Gold stocks in the S&P/TSX have benefited as rising prices and cost cuts look poised to deliver wider operating margins, said Jon Case, a fund manager at Sentry Select Capital Corp. in Toronto. He co-manages the firm’s C$500 million precious metals growth fund.
“Every $100 move downward was in some cases cutting margins in half, so you’d see prices go down and the stocks fall 30 percent,” Case said in a Feb. 18 phone interview. “Now, you’re seeing that leverage on the other way back up.”
Detour Gold, the worst-performing stock in the S&P/TSX last year with an 84 percent decline, has more than doubled this year to lead gains. The company said last month it will produce 450,000 to 500,000 ounces of the metal in 2014, more than twice its output a year ago, at an average of no more than $900 an ounce.
If gold can hold at $1,330 an ounce and Detour can produce 475,000 ounces, the company would generate an additional $75 million in cash, said Michael Siperco, analyst with Macquarie Capital Markets Canada, in a note to clients Feb. 18. He raised his price target for the stock to C$16 from C$11.
“Even after the year-to-date gain, we see a lot more upside over the course of the year,” Siperco said of the stock.
Barrick Gold Corp. and Goldcorp Inc., the world’s two biggest miners by market capitalization, both lowered their fourth-quarter operating costs from a year earlier, responding to the plunge in gold prices.
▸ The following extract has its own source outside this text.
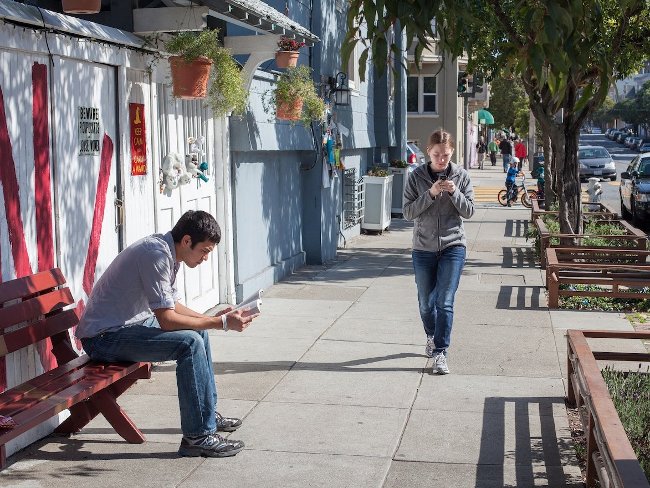 Bộ não của chúng ta không thể xử lý đồng thời hai việc cùng một lúc - tránh dùng điện thoại khi đi đường.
Barrick’s so-called all-in sustaining costs dropped 14 percent to $899 an ounce, the company said in its Feb. 13 earnings results. Goldcorp’s costs fell 11 percent to $810 an ounce by the same metric, the company said in its own results the same day.
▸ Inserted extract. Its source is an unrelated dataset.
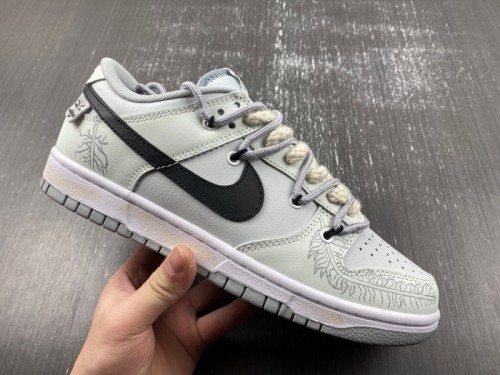 Nike SB Dunk Low Shoes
“We have become a leaner, more agile organization, better protected against further downside price risk,” said Jamie Sokalsky, chief executive officer at Barrick, in a Feb. 13 statement.
Goldcorp shares have advanced 33 percent this year after plunging 37 percent in 2013. Barrick has gained 26 percent after its worst year as a public company wiped C$12.1 billion from its market valuation.
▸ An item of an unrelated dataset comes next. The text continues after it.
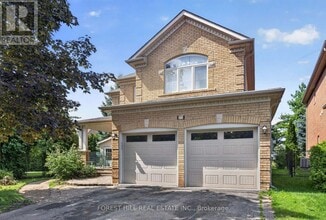 Building Photo - 22 Rockwood Crescent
Sadiq Adatia, chief investment officer at Sun Life Global Investments, said the rally in gold stocks is a temporary one and he is not interested in investing in Canadian gold equities.
“I don’t see much catalyst to go higher,” Adatia said in a phone interview from Toronto. He manages about C$7.4 billion with the firm. “The gold companies are not operating efficiently. We worry that no matter what gold does, can the companies take advantage?”
His firm is overweight U.S. equities and underweight Canada, which is “in essence underweight gold as well,” he said.
Sprott Inc. saw its investments fall by almost a third to C$7 billion from C$9.9 billion last year, according to a Jan. 20 statement, as a gold-price slump prompted investors to flee its metal-focused funds.
“When you come into a new year and some of the factors that caused the previous slide reverse themselves, they can go a long way to getting things back to where they should’ve been,” Sprott’s Wilson said.